- Marcus Hartman
I said I would round up what happened with the first early signing day in college football history, but I’m not sure where to begin.
Spending part of my day in Fairfield was pretty fascinating as two major prospects made basically the exact opposite decision.
Jackson Carman was the main attraction, not only because he is the top-rated player in Ohio but because he did something that’s gotten somewhat rare over the years: Waited until signing day to announce his decision.
Malik Vann got the spotlight first, though, and made no bones about why he is going to Cincinnati: Luke Fickell.
He spoke passionately about the potential for making UC football a destination for local players, of returning to the glory days of the previous decade when the Bearcats made a couple of BCS bowls.
But at the same time, he said he is pretty much only doing so because of the coach.
It’s funny how one variable can unlock so many other positives, but then recruiting is one of those things where everyone’s decision is individual and you never know what’s going to be the deciding factor.
Meanwhile, Carman sounded more intrigued with the idea of getting away.
Ohio State being the dominant presence in Ohio seemed to work both for and against coach Urban Meyer. The prestige and success made the Buckeyes impossible to ignore (and they certainly got plenty of chances to impress the young man) but also might have made it impossible for them to win this one.

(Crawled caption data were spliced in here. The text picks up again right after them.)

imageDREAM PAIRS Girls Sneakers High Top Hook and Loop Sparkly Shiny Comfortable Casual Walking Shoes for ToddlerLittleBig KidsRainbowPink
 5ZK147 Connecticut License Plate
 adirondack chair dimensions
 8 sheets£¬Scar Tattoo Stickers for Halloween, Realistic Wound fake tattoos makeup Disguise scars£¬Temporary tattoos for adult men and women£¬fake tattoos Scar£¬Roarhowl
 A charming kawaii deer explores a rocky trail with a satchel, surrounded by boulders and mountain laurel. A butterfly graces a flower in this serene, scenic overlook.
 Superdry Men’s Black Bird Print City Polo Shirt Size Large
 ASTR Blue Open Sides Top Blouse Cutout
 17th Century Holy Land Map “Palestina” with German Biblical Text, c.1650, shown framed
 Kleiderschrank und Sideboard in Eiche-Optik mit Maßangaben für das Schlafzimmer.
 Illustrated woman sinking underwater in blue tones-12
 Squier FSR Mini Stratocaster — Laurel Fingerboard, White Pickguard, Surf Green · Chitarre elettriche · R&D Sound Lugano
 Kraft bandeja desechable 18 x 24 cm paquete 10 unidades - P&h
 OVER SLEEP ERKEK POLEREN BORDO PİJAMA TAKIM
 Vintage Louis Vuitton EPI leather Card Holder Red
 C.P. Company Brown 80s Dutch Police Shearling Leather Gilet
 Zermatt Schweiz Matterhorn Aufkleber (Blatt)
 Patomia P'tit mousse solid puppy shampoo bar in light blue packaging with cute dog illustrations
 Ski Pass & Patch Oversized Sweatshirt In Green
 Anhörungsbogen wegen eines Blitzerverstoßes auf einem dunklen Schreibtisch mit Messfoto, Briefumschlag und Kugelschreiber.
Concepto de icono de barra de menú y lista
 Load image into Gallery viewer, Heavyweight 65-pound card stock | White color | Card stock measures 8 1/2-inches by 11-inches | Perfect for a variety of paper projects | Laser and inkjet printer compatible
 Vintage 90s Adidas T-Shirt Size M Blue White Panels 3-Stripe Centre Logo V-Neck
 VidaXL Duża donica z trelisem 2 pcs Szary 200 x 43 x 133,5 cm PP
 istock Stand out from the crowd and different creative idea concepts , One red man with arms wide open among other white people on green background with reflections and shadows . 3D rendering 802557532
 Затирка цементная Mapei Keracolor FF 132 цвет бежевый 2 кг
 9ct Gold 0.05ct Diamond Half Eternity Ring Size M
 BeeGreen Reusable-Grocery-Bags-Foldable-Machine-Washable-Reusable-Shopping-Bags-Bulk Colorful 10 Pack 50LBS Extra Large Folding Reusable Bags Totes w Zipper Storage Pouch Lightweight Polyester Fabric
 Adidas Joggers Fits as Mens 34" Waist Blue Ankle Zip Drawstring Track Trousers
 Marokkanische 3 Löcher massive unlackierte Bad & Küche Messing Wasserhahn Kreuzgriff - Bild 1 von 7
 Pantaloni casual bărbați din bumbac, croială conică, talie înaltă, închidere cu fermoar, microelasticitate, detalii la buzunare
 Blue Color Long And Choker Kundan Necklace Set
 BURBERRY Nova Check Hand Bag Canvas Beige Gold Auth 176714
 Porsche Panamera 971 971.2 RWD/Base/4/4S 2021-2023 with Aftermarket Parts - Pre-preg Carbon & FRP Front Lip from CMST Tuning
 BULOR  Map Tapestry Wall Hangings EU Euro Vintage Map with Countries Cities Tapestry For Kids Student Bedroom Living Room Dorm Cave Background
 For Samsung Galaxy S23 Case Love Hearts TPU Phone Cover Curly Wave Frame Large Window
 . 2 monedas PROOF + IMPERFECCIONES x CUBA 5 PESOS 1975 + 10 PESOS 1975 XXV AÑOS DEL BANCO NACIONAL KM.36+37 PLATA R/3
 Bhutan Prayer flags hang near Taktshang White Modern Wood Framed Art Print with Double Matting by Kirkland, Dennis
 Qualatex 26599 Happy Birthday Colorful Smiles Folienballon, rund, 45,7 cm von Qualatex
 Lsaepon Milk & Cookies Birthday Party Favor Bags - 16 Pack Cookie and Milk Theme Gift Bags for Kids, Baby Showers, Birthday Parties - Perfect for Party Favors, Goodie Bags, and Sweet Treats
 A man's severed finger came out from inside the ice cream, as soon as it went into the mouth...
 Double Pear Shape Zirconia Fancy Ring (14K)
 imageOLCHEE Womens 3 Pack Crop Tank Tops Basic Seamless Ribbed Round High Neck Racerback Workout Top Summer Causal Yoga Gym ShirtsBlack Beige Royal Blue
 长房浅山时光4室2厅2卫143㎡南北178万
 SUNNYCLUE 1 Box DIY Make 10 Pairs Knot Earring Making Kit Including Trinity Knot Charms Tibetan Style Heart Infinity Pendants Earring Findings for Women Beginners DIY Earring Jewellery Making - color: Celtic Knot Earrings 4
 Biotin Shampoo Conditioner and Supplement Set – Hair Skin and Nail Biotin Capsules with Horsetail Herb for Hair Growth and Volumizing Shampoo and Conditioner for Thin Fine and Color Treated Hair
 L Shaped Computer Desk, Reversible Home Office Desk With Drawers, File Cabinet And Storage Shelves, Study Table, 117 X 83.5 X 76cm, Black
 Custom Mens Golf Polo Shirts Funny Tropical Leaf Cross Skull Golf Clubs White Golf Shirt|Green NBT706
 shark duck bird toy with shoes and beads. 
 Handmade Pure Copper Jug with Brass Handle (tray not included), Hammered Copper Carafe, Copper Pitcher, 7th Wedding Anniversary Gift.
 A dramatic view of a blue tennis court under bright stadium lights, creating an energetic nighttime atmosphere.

Sometimes being able to strike out on one’s own is important, and that is the case for Carman.
And yet as much as Vann and Carman are going in opposite directions, there was a common thread in their decisions, too: The coach they chose.
Carman, like many prospects these days, was obviously impressed by Clemson coach Dabo Swinney, who is building a monster of a program.
There’s no right or wrong here as long as Vann and Carman both truly made the decisions they believe are best for them. I just found that juxtaposition interesting…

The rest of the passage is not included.